**TASK**: Each entry should be restated word for word, with all pictures left out.

**PROVIDED DATA**:
========

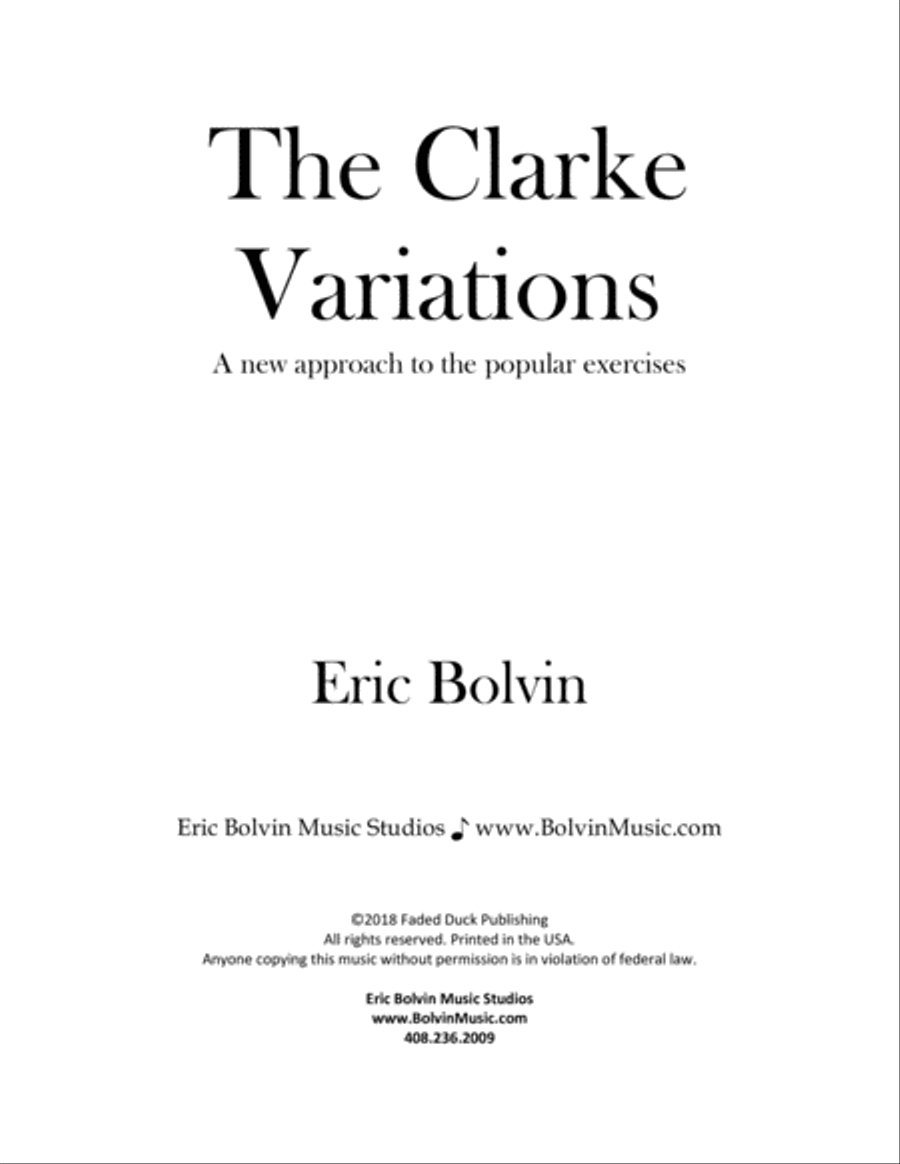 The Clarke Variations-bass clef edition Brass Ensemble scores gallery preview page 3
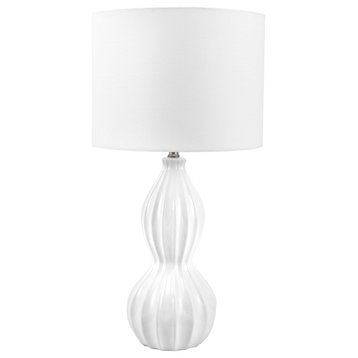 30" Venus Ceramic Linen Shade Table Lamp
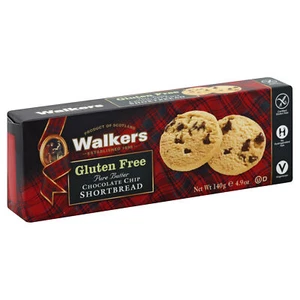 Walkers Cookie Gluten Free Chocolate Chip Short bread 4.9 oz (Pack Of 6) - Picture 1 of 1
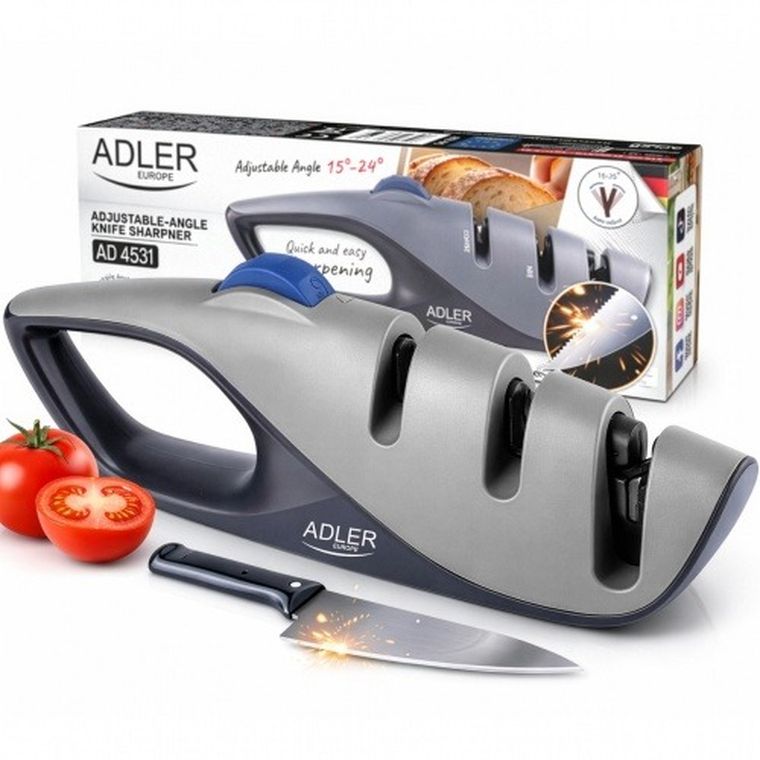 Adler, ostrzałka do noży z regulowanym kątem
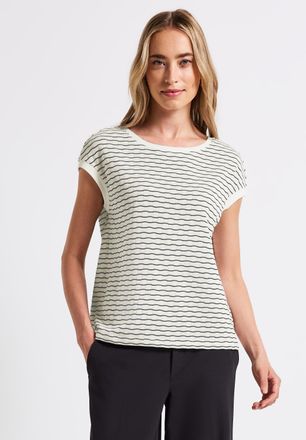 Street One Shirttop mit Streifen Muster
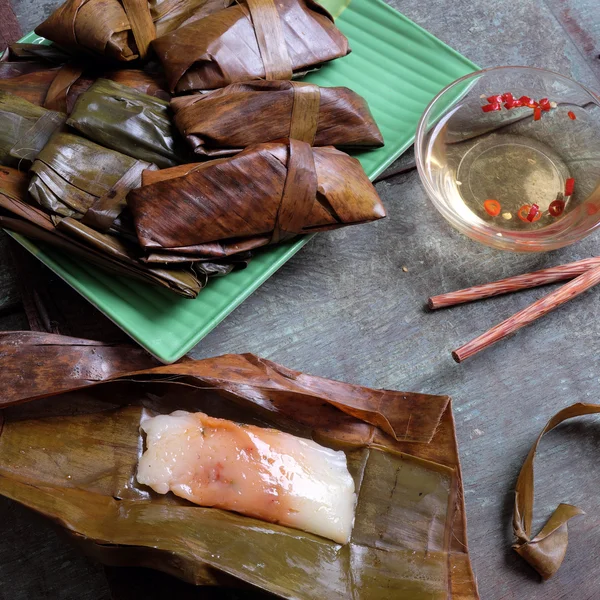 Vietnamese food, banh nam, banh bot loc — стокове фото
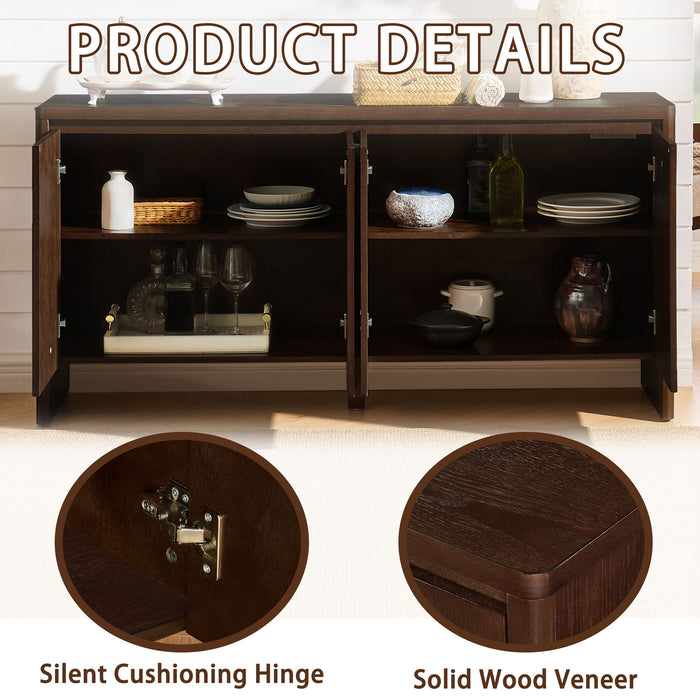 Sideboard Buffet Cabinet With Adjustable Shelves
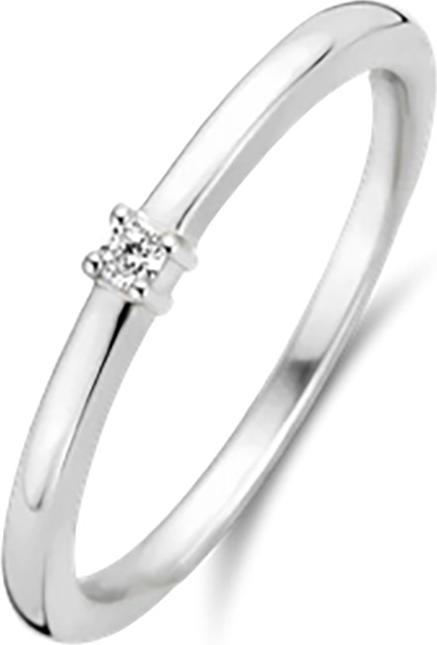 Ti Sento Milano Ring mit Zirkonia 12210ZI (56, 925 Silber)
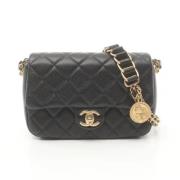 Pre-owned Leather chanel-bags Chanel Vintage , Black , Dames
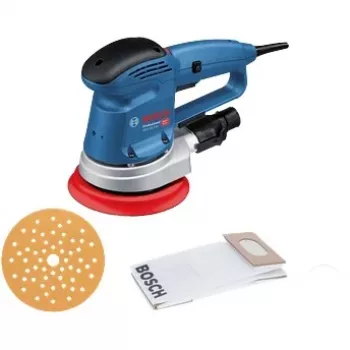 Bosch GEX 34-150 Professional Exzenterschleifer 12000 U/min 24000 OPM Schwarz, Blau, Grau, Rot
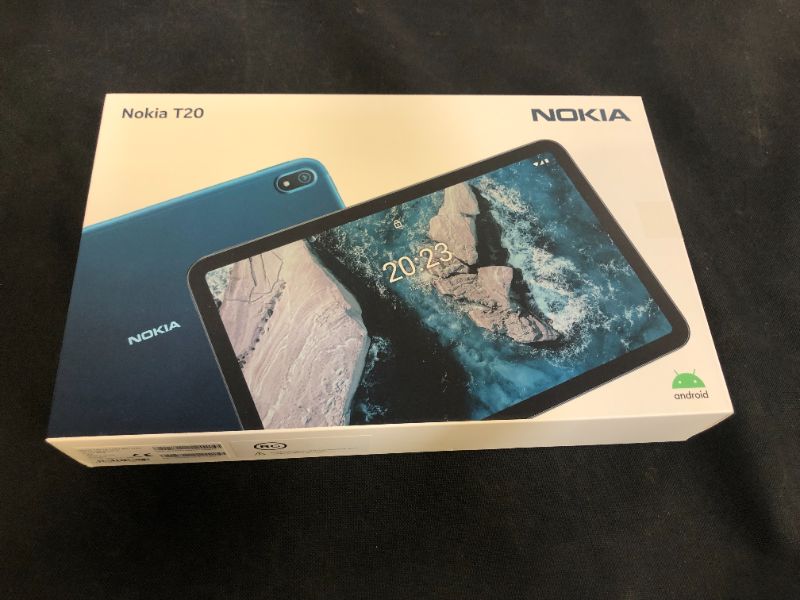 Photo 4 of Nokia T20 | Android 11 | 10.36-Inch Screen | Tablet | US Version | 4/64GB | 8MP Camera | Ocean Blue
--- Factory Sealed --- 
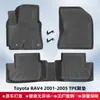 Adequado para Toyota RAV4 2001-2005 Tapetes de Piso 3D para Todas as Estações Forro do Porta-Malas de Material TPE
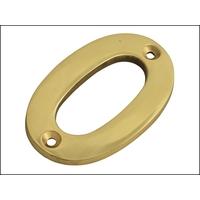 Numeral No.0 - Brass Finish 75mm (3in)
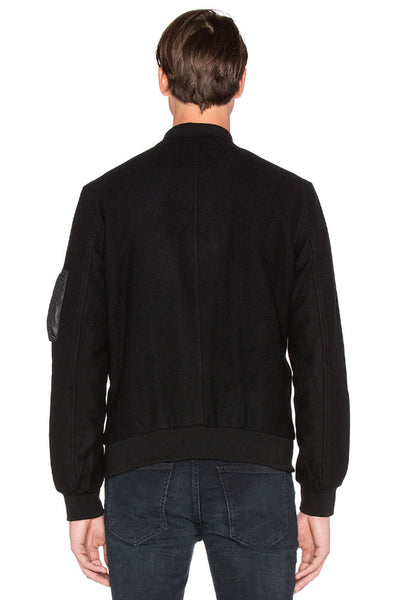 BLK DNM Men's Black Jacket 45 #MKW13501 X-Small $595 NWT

========

**TASK SOLUTION**:
 The Clarke Variations-bass clef edition Brass Ensemble scores gallery preview page 3
 30" Venus Ceramic Linen Shade Table Lamp
 Walkers Cookie Gluten Free Chocolate Chip Short bread 4.9 oz (Pack Of 6) - Picture 1 of 1
 Adler, ostrzałka do noży z regulowanym kątem
 Street One Shirttop mit Streifen Muster
 Vietnamese food, banh nam, banh bot loc — стокове фото
 Sideboard Buffet Cabinet With Adjustable Shelves
 Ti Sento Milano Ring mit Zirkonia 12210ZI (56, 925 Silber)
 Pre-owned Leather chanel-bags Chanel Vintage , Black , Dames
 Bosch GEX 34-150 Professional Exzenterschleifer 12000 U/min 24000 OPM Schwarz, Blau, Grau, Rot
 Photo 4 of Nokia T20 | Android 11 | 10.36-Inch Screen | Tablet | US Version | 4/64GB | 8MP Camera | Ocean Blue
--- Factory Sealed --- 
 Adequado para Toyota RAV4 2001-2005 Tapetes de Piso 3D para Todas as Estações Forro do Porta-Malas de Material TPE
 Numeral No.0 - Brass Finish 75mm (3in)
 BLK DNM Men's Black Jacket 45 #MKW13501 X-Small $595 NWT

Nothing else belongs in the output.